Task requirements:
The line containing "macbook Pro 2022 款", plus every line that follows it to the end of the listing below, is what you transcribe exactly; omit all pictures.

Information shown:
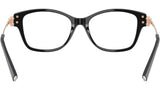 8056262361528_7.jpg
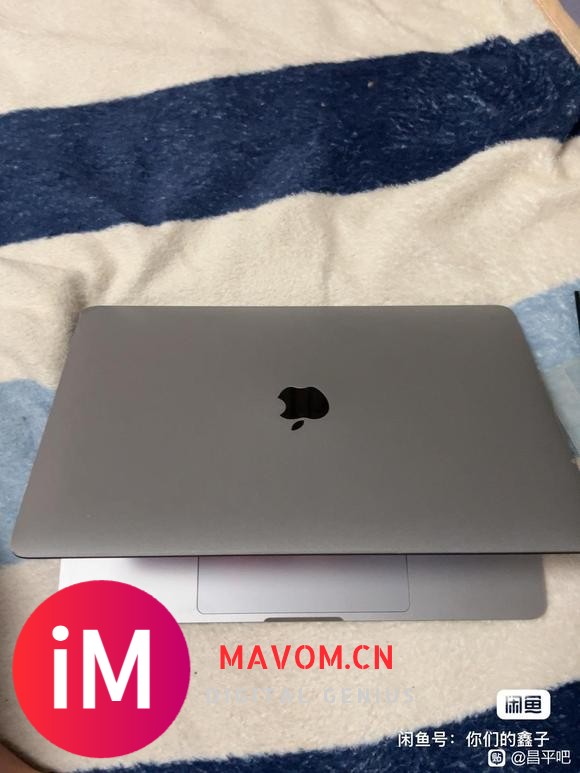 macbook Pro 2022 款
m2 8+256-2.jpg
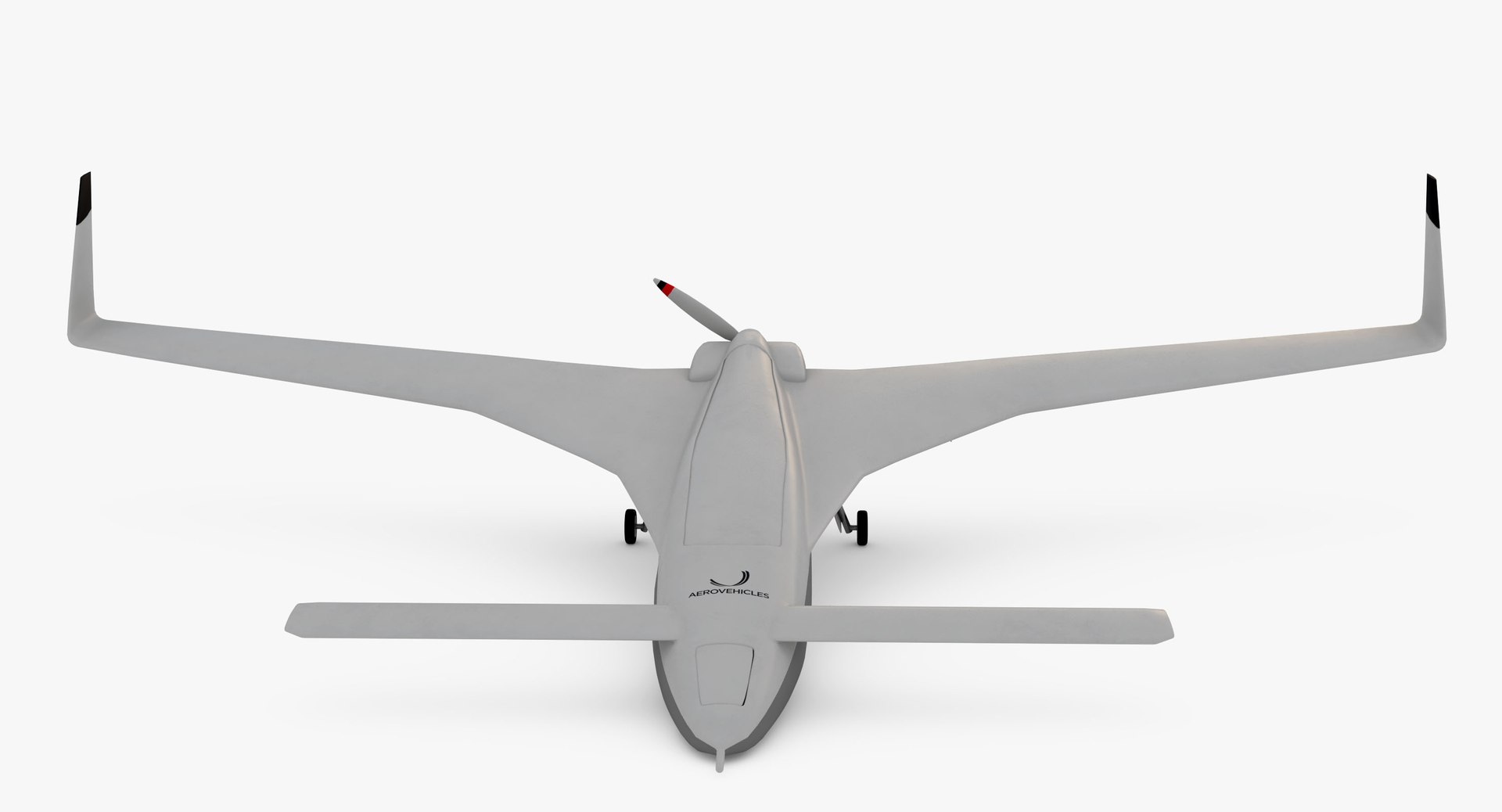 Berkut UAV MBOPY 3D model https://p.turbosquid.com/ts-thumb/MP/Gms5rk/ED/rnd_berkutuav_03/jpg/1754664167/1920x1080/fit_q87/00c087739b246963c5d3e23eefa22335c6aa018f/rnd_berkutuav_03.jpg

Solution for this task:
 macbook Pro 2022 款
m2 8+256-2.jpg
 Berkut UAV MBOPY 3D model https://p.turbosquid.com/ts-thumb/MP/Gms5rk/ED/rnd_berkutuav_03/jpg/1754664167/1920x1080/fit_q87/00c087739b246963c5d3e23eefa22335c6aa018f/rnd_berkutuav_03.jpg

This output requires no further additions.